Burnt Money (2000)

Plata quemada
**½/****
starring Eduardo Noriega, Leonardo Sbaraglia, Pablo Echarri, Leticia Brédice
screenplay by Marcelo Figueras, Marcelo Piñeyro, based on the novel Plata Quemada by Ricardo Piglia
directed by Marcelo Piñeyro

by Walter Chaw Pushing the submerged homoeroticism of Strangers on a Train to the surface, Burnt Money‘s homage begins with Jean-Pierre Melville’s genre cool and Hitchcock’s cigarettes and lighters at a carnival and ends with a certain Wellesian noir seediness (complete with The Lady From Shanghai‘s ill-fated passion, Touch of Evil‘s corrupt officials, and even Citizen Kane‘s totemic paperweight). Burnt Money is deliriously beautiful to look at–all pale greens and mute browns–but its overt politicism in the closing moments begins to dispel the film’s magic in favour of overheated parable. It’s an expert genre piece that tries to bear the brunt of all of Argentina’s national cynicism and economic corruption (a leaden socio-political platform reflected by its title), and despite his cineaste smarts, director Marcelo Piñeyro just isn’t up to the task.

Criminals Nene (Leonardo Sbaraglia) and Angel (Eduardo Noriega) meet during a gay tryst in a public bathroom, forming a bond that earns them the title “The Twins.” Mixing business with pleasure, the two are hired by a collection of underworld thugs determined to pull off one of those fabled big hits that always seem to end in double-crosses and a hail of bullets. Fleeing to Uruguay after a pair (doubling is par for the course in Burnt Money) of policemen are killed during the robbery, Nene and Angel, along with their combustible getaway driver, Cuervo (Pablo Echarri), are forced to stew in a sordid hotel with drugs, their imaginations, and seven million un-spendable Argentine dollars as their only companions.

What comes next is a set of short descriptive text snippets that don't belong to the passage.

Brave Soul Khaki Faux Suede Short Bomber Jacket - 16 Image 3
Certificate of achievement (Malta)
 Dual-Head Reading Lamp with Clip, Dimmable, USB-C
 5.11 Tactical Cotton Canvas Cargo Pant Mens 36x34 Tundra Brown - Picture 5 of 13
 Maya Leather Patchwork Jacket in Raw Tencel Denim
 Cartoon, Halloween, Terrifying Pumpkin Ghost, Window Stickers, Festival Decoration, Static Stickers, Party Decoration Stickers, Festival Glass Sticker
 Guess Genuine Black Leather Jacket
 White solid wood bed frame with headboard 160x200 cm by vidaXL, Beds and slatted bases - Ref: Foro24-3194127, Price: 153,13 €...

While it’s working, Burnt Money delivers a moody character/caper flick that is Reservoir Dogs by way of Dead Ringers. Its voiceover has Nene rapturously describing, in his best Mickey Spillane, his lover’s fingers as smelling of “sawdust, gunpowder, sex, and blood,” while another description of Buenos Aires recalls William Blake’s thoughts on the suffocating decomposition of London. That feeling of a loss of innocence to the corruption of experience, expressed eloquently in a low-art sort of way, informs the bulk of Burnt Money; the film is far more interested in the poetics of interpersonal dynamics and the slow disintegration of the mind (Angel appears to be low-bore paranoid schizophrenic), after all, than the complications of its crime MacGuffin. Its highlight comes in a cunning series of cuts that fade between fellatio performed at gunpoint with genuflection at the foot of a crucifix, and animal sex with a hooker (Leticia Brédice), with a hypodermic needle’s similarly insistent penetration.

When it doesn’t work, and Burnt Money doesn’t work for its last half-hour, the film loses its poetry in favour of clenched-teeth political grandstanding. Its final orgy of violence is less John Woo-ian heroic bloodshed than a collection of signs and signifiers knocked down as mechanically as the tin monkeys at the film’s carnival shooting gallery. Based on a 1965 crime spree that has become legend in Argentine popular culture, Burnt Money is so right for so long it pains me to no end that it undertakes the process of sociology and analysis instead of allowing the same to bloom of its own in the audience’s awareness. The picture betrays, in other words, a lack of confidence in its own transparency as metaphor and that, no matter how true the groundwork, leaves a hollow aftertaste.